The Labour Party must move away from being a “Party of protest” by order of the oligarchy. 

Sir Keir Starmer’s latest decree states, The Labour Party must move away from being a “party of protest” in order to win elections and “hand power to working people”.

It also appears protest covers a magnitude of actions including workers withdrawing their labour and carrying out the legitimate right to strike.

Writing for The Mirror this weekend the Labour leader stated: ” “I am now leading a Labour Party that wants to change lives and give Britain the fresh start it needs. That means turning from a party of protest into a party that can win power – then hand that power to working people. I make no apologies for that.

Of course, that all sounds very ‘pragmatic’, pragmatic, being the latest centrist buzzword from Starmer Central, however, when you take into account his views on picketing and lack of support for striking workers you begin to question his motives, especially when you look at his own history of protest.

His intervention comes as part of an ongoing debate between Labour’s left and right wingers about how to respond to the cost of living crisis, amid growing threats of further industrial action from public sector workers.

The country looks set to see ongoing rail strikes from transport unions, with union leaders calling for deserved pay rises more in tune with soaring inflation levels.

It comes as the rate at which prices rise has hit a 40-year high of 9.4% and is expected to grow further over the course of the year.

Industrial action is set to grow as Government pay offers to teachers, nurses, police officers and other key public sector industries have been rejected or condemned by unions as failing to address the crisis, with many in the process of or suggesting plans to consult their members on whether to strike later in the year.

It’s easy to call out the hypocrisy in Starmer’s stating Labour should not be a Party of protest when he has taken every photo op possible to ensure he can draw on the occasion or discard them as his needs be.

However, even without the scepticism, this is Starmer setting out his version of the future.

A future that does not tolerate protest, public dissent or even legitimate union strike action.

Actions speak louder than a photo op and Keir Starmer standing behind a banner demanding £15 an hour proves to be more of the latter and none of the former, you can ask Andy McDonald where Starmer stands on minimum wage, it’s not with the workers.

Again, Starmer would like us to shove down the memory hole a thousand years of protest. Protest that has brought about social change and given birth to democracy such as it we have today.

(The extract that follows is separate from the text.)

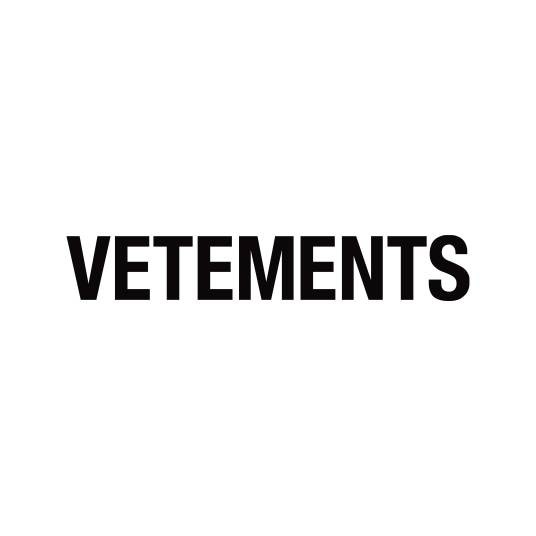 VETEMENTS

Yes, pragmatism can hide a whole bunch of sins; Pragmatism is a philosophical tradition that considers words and thought as tools, however, action and protest have been the real tools of the working class movement, having had more impact on life-changing events than any form of pragmatism.

More deniability from Starmer stood in front of a protest banner now declared antisemitic

Protests are very freighting to the ruling class.

The working class have had a history of protest to bring about real changes extending over a thousand years that have included, the Magna Carta (1215), The Peasants’ Revolt (1381), The Poll Tax Riots (1381 and 1990) The Levellers (1647) The Luddites (1812) The Peterloo Massacre (1819) The Tolpuddle Martyrs (1833) The Chartist movement (1838) The General Strike (1842) West Yorkshire Woollen Weavers’ strike of (1875) Match Women’s Strike (1888) Women’s Suffrage Movement (1897 – 1928 and on) The Kinder Scout Mass Trespass (1932) The Miners’ Strike of 1984/85, Anti-war protests (2003) The UK Occupy Movement 2011 and on and on and on.

These protests and many more around the world have not only disrupted the status quo but in some cases removed the establishment, while in others they have been the starting points of both Republics and democracies as witnessed in the English civil war, the French, American and Russian revolutions.

After all, let’s face it the working class has never been given anything worth having, we’ve fought for all we’ve got.

Who do you serve?

Tony Benn
Tony Benn’s five essential questions power

When all is said and done Sir Keir Starmer has a mandate, however, that mandate does not come from his constituents, the Labour Party or its members nor does it come from the British people in general.

That mandate comes from the elitist non-government organisation that has set out its own world vision. An organisation that opposes protest and public demonstration, an organisation whose vision does not include striking workers or industrial action of any sort.

Starmer is a Trilatralist and their worldview does not tolerate dissent.

Starmer and the Trilateral Commission have made it their mandate to stop both protest and civil disruption, no matter the reason. This includes industrial action, after all, that organisation relies on the smooth turning of the cogs of industry, they demand efficiency all without the inconvenience of workers picketing, protesting, or fighting for change of any sort.

This is the new world of free trade, impersonal faceless globalisation, this is a return to the slave pens of the satanic mills where workers are valued as nothing more than a commodity.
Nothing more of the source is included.